The International Transport Forum at the OECD (Organisation for Economic Co-operation and Development), an intergovernmental organisation with 57 member countries, fosters a deeper understanding of the role of transport in economic growth, environmental sustainability and social inclusion. It aims to raise the public profile of transport policy research and analysis, and most recently has undertaken several interesting studies on urban mobility, data driven policy and regulation of app-based ride services.
In a world that changes rapidly, making the right decisions at the right time is vital for policy makers: In the face of new developments in both technology and services, regulations can often be outdated before the ink dries on the paper.

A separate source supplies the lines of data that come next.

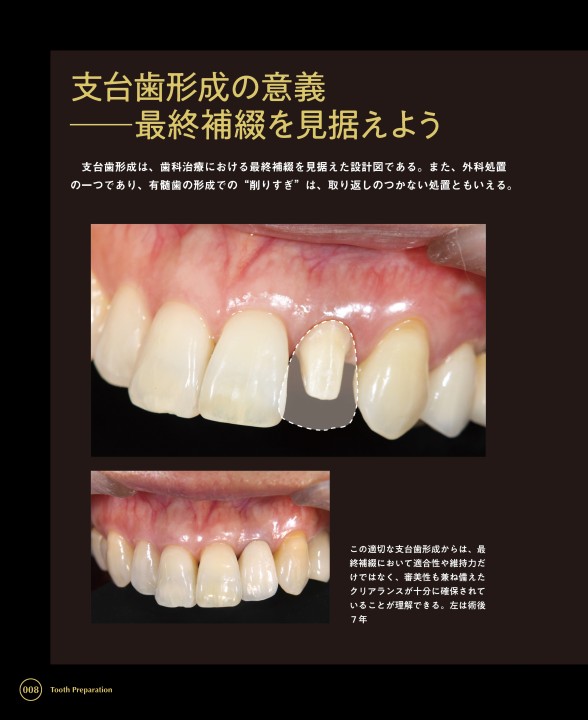 The Basic Planes for Tooth Preparation 支台歯形成の面基準-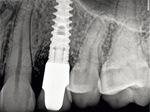 Small ryc 27 opt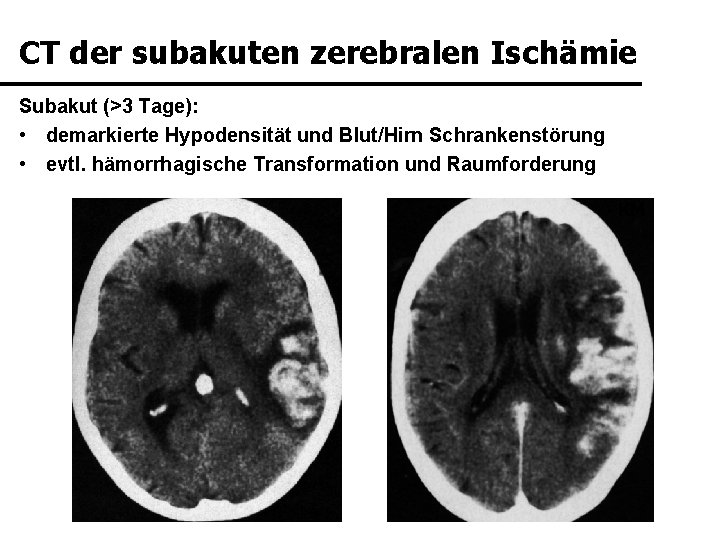 CT der subakuten zerebralen Ischämie Subakut (>3 Tage): • demarkierte Hypodensität und Blut/Hirn Schrankenstörung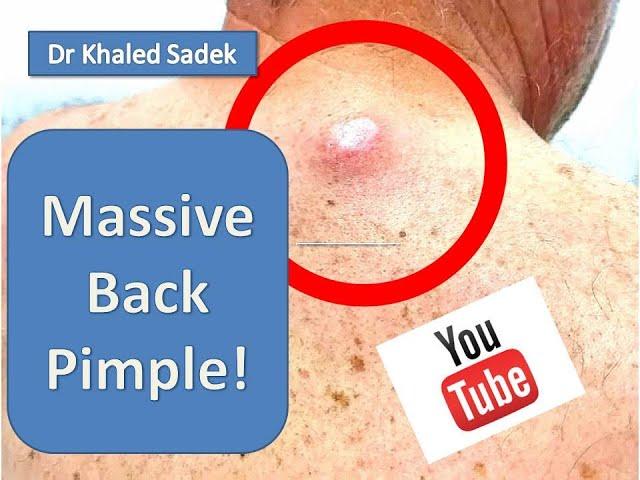 Large Sebaceous Cyst Removal. LipomaCyst.com Dr Khaled Sadek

In transport in particular, change is ripe. Disruptive innovators like Uber, Lyft, Didi Chuxing, Ola and other for-hire passenger transport services are revolutionising the transport landscape and confronting governments with a core question: How can regulators keep up with the fast pace of innovation?
Data-rich regulation
Many of the new players in transport rely on real-time data analysis to support their business models and inform strategic decisions. This offers policy makers the opportunity to, in their turn, apply a data-driven, empirical approach to transport governance. By tapping into the information that service providers gather, authorities can continuously monitor the performance they are interested in – the technical state of vehicles or customer satisfaction with drivers, for instance.
The result could be summed up as “data-rich regulation light”: Rather than setting comprehensive rules to catch all eventualities, regulators can focus on key indicators linked to their public policy objectives and intervene whenever necessary. The result is a win-win-win: Customers get better service. Governments exercise oversight more effectively. Entrepreneurs are freed from cumbersome bureaucracy and can focus on developing their business ideas. The result can be a society that is more dynamic and innovative. “Over regulation stifles creativity”, as Harvard law professor Lawrence Lessig observed, “It gives dinosaurs a veto over the future.”
Ensuring privacy
The amounts of data available are growing exponentially and could reach 44 zettabytes in 2020 (see figure 1) as the cost of data storage is continue to drop steeply. Much of this digital information comes from new data sources of particular relevance to the transport sector, in particular mobility data from smartphones.
Such location data offers rich insights into peoples’ mobility patterns – where and how they travel, how often and for what purpose. For transport planners and policy makers such insights can help improve operations and achieve public policy objectives, for instance encouraging the shift towards more sustainable transport options.
New strategies help ensure privacy and data protection while still allowing authorities to extract useful information for real-time regulatory interventions. The “Safe Answer” framework pioneered by the Massachusetts Institute of Technology (MIT) in the United States, for instance,enables authorities to query operator data under a vetted framework and to use the outputs without proprietary data being released at any point.